Jack called in from high camp on Aconcagua, located at just near 20,000 feet above sea level. They spent last night camped in rough, windy and snowy conditions, hoping that the morning would dawn a bit more clear. It’s hard to convey how difficult it is to lie there for hours, listening to the wind build in intensity as it climbs up the side of the mountain, gaining both momentum and volume, until… finally… it collides with the thin nylon side of your tent, shaking it violently and threatening to sever the thin cords tethering you to its rocky perch.
When the scenario above is happening at 6000m, it is even more challenging.
The morning broke with little in the way of abatement, and moving upwards was not even a question.
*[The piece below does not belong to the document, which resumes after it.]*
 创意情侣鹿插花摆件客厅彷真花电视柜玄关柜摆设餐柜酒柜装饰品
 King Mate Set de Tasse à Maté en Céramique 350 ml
With no decision about attempting the summit to make for today, the team steeled themselves for a long, rough day of waiting to see what the weather would do. A neighboring team, with which our guys have been parallel for two weeks, decided to descend to the relative comfort of the Plaza de Mulas base camp, 5500′ lower to the west.
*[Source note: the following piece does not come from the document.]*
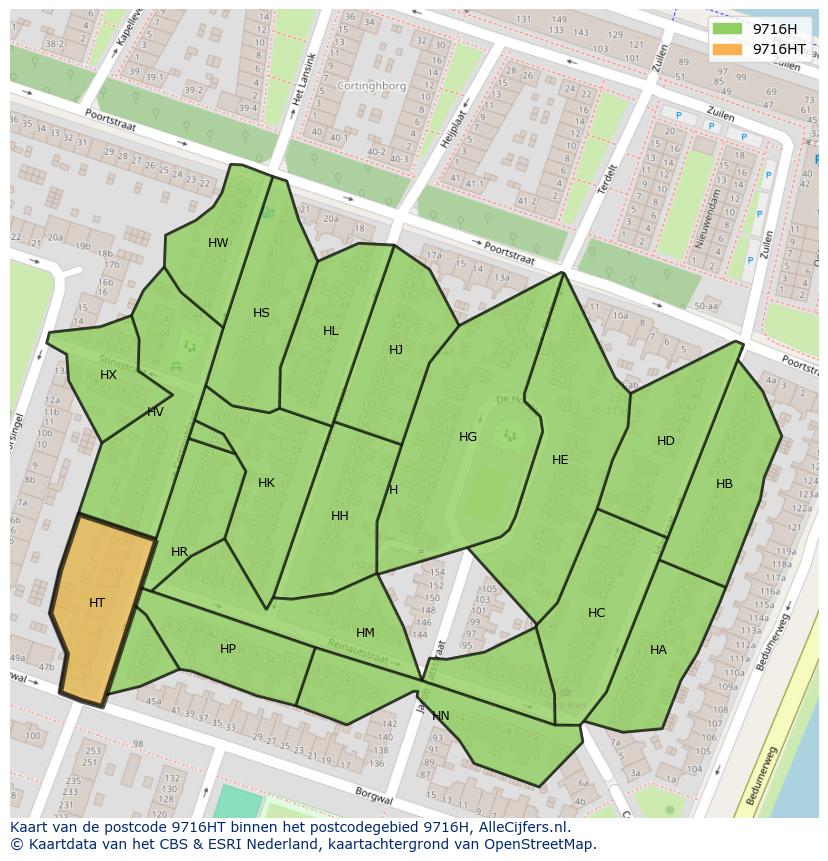 Afbeelding van het postcodegebied 9716 HT op de kaart.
Dennis decided to join them on their descent. He had been battling a bug for some days now, and the combination of that, with a very tough, sleepless and all together miserable night made descent the prudent choice in this instance.
Jack and Fermin are going to give it another night, and when I spoke with Fermin, he said that the winds had died off during the late afternoon. The forecast doesn’t look great, but sometimes the forecast is not quite right? They need a very good day, given the very snowy conditions on the upper mountain. Let’s all think warm thoughts and hope that the clear afternoon can hold out for another day.